2 General overview

The standard Linux Kernel meets Division C, Class 2 "partially'' in Audit context, since there is no system routine which records events of object introduction or deletion.

Once this problem was solved, to reach Division B, Class 1:

(a)

the audit record will have to include, for each event that either introduces an object into a user's address space ot it deletes an object, the name of the object and the object's security level.

(b)

Moreover, the system manager would have to be able to selectively audit the actions of any one or more users based on individual identity and/or object security level.

(c)

Finally, it must be possible to audit any override of human-readable output markings.

To reach Class 3,

(d)

one of the required features is the presence of a mechanism that is able to monitor the occurrence or accumulation of security auditable events that may indicate an imminent violation of security policy. This mechanism will have to be able to immediately notify the security administrator when thresholds are exceeded, and, if the occurrence or accumulation of these security relevant events continues, the system will have to take the least disruptive action to terminate the event.

(e)

Moreover, we would need some mechanisms for the identification of events that may be used in the exploitation of the usage of covert storage channels.

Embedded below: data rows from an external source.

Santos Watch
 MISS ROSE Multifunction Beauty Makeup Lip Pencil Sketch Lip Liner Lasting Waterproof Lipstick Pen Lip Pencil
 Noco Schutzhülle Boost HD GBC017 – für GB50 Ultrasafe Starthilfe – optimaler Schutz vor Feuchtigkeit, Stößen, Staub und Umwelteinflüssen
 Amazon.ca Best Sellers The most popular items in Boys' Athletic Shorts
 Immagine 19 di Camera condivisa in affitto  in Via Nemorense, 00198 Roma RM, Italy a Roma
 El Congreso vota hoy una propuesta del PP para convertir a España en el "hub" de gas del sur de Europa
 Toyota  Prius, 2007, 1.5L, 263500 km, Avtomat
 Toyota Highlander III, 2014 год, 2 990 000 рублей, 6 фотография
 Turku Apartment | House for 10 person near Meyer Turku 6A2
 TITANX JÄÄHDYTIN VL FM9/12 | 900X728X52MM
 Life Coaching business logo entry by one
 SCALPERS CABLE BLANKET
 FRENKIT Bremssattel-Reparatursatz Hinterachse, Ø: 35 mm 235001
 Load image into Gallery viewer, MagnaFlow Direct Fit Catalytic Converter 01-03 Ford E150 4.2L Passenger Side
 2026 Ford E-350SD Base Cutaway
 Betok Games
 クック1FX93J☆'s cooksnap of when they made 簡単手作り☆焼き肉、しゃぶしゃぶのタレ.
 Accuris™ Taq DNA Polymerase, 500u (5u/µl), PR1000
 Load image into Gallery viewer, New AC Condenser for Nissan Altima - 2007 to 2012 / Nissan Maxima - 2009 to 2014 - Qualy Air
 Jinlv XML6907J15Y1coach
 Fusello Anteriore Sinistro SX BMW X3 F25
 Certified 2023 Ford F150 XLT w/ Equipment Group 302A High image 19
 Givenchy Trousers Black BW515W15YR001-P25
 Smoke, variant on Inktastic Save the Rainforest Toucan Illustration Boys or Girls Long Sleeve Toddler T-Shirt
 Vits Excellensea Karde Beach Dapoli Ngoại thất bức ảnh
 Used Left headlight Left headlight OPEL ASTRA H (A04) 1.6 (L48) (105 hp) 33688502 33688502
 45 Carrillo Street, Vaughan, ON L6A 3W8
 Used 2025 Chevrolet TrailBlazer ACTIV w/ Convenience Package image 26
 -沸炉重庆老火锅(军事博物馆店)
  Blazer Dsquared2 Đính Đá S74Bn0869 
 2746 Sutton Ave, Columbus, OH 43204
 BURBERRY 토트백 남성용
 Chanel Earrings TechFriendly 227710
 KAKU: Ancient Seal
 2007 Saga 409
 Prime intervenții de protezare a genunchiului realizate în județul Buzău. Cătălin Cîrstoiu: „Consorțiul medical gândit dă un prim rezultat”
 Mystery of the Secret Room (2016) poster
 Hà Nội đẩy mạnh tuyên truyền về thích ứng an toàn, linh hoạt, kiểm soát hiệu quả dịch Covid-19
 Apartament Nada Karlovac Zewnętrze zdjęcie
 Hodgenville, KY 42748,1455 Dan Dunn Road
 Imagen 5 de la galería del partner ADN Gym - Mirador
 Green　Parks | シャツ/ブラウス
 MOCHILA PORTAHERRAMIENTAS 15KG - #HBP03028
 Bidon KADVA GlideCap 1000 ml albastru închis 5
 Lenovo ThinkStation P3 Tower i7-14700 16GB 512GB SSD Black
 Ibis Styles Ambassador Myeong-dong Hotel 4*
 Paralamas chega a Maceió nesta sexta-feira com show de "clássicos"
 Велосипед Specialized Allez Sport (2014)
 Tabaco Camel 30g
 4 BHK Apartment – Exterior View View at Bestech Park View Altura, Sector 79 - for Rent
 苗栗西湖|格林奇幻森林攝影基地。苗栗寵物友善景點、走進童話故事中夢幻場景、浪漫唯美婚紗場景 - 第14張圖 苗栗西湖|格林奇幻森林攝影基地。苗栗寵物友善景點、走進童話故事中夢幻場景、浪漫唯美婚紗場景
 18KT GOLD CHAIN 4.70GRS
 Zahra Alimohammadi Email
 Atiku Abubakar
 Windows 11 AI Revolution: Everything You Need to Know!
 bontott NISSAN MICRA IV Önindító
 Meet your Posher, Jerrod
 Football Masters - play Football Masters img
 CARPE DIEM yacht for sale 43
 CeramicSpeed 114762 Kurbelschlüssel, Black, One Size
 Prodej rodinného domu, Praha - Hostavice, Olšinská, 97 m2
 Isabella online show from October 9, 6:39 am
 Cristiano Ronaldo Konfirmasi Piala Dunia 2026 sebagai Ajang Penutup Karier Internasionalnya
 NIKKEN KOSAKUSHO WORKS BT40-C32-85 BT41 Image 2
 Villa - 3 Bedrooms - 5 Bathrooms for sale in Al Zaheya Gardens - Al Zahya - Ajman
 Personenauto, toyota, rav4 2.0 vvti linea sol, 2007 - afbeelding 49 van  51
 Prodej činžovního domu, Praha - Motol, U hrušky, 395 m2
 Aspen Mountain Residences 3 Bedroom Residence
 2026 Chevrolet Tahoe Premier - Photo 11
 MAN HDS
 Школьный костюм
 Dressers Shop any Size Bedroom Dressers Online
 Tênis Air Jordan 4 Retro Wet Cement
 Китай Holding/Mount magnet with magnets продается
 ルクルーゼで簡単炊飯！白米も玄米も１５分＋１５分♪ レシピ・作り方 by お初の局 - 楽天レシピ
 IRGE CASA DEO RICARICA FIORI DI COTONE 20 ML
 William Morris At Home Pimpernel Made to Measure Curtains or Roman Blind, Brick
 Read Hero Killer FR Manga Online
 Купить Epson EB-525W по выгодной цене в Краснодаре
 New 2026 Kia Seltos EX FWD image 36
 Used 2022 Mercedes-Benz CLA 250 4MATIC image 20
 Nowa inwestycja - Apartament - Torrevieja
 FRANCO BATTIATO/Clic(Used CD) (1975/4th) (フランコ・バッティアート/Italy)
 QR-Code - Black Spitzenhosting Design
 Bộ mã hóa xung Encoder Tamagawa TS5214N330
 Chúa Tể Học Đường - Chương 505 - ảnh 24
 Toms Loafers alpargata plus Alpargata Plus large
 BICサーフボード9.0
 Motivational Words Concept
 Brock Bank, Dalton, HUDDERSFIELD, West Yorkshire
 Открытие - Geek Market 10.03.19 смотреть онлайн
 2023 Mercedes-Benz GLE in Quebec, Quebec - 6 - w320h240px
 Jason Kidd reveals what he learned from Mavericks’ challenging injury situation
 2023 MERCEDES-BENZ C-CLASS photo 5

In this paper, we will describe an extension of the standard Linux Kernel to reach Division C, Class 2 and that solves problems (a)-(d) as well. Problem (e) currently is solved for a particular case: File Flag Communication. With this term we intend a illegal communication from root to user processes based on file presence that indicates, for example, a bit information, but this needs more work.

Now we will describe a list of typical attacks [2].

• A system cracker telnets to the next site on his hit list. "guest - guest", "root - root", and "system - manager" all fail. It does not matter. A lot of sites have easy passwords to crack, based on user name, birth date and so on.
• NFS-Attacks. For instance, running showmount on a target reveals that /export/foo is exported to the world. In this case you can put an .rhosts entry in the remote guest home directory, which will allow you to login to the target machine without having to supply a password!
• Anonymous ftp attacks. Vulnerabilities in ftp are often a matter of incorrect ownership or permissions of key files or directory.
• X windows attacks. If not protected properly (i. e. via xhost or magic cookie mechanisms) window displays can be captured or watched.
• Denial of Service attacks. These type of attacks do not involve a penetration in a system. They slow or block a net service or the entire system.
• Sendmail attacks. Sendmail is a very complex program that has a long history of security problems, i. e. running the ``decode'' alias is a security risk: it allows potential attackers to overwrite any file that is writable by the owner of that alias, often daemon, but potentially any user.
• ``hosts.equiv'' attacks. The hosts recorded in this file are trusted: for example if a login request come from a site recorded in hosts.equiv file, there is no need to supply a password. Any form of trust can be spoofed.
• Buffer exploit attacks. If a malicious user finds a buffer overflow in a suid utility, he can gain root privilege.
• Password sniffing. The telnet sessions do not use any form of encryption; so an attacker can sniff the password during a telnet session.

New forms of attacks appear every day. This list can only be a short example.